Tuesday, December 23, 2014

 

Water worn



Last night I arrived back at my parents' house in Grosse Pointe, the house I grew up in.  It's a beautiful place, and timeless in the way that houses and towns on water often are.  As I drove in, I saw so many of the familiar things:  the house with the crazy bright Christmas display, the cold waves crashing over the seawall, the bare trees scratching at a gray Michigan sky.  There is a wash of emotions when I come back, but it is all in grayscale, from the white of pure hope to the black of despair.  Michigan is like that, and especially the Detroit area.  The tearing-down is real, while the rebuilding is too often a promise.

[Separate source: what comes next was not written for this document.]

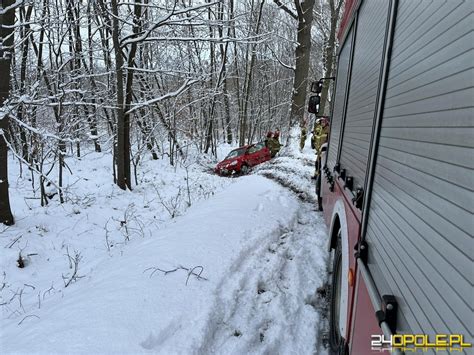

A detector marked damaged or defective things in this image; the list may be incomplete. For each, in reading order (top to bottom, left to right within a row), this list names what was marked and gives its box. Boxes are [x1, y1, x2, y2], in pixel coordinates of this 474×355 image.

red crashed car [214, 141, 270, 176]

I'm starting to think about the year I have had; the many places I have been.  Sometimes in the past it has felt like being a flat gray skipping stone, bouncing off the water to the next wave, but this year the cuts into the water have been deeper.  

As a kid, I loved skipping stones, though I never was very good at it.  I loved the made-up science of it, choosing the right rock and trajectory according to arbitrary and baseless formulas that eventually molded to the truth of experience.  In my mind, I was the stone, trying to get as far as I could.  But the part I loved was the end, when my stone might topple end-over-end, pause a moment on the surface and then surrender to the water, to what is real.  It would stop its dancing and dive deep and fast into something new yet familiar-- after all, the stone had been worn smooth by that very water.  I kept watching where it had been, a thin, shivering boy on the shore.  Then, too, I was the stone.  




Comments:
Lovely.
 
I see where all the poetry has gone to your mind and from your fingertips. This is writing which will not let me remain as I was. Bravo and bless you.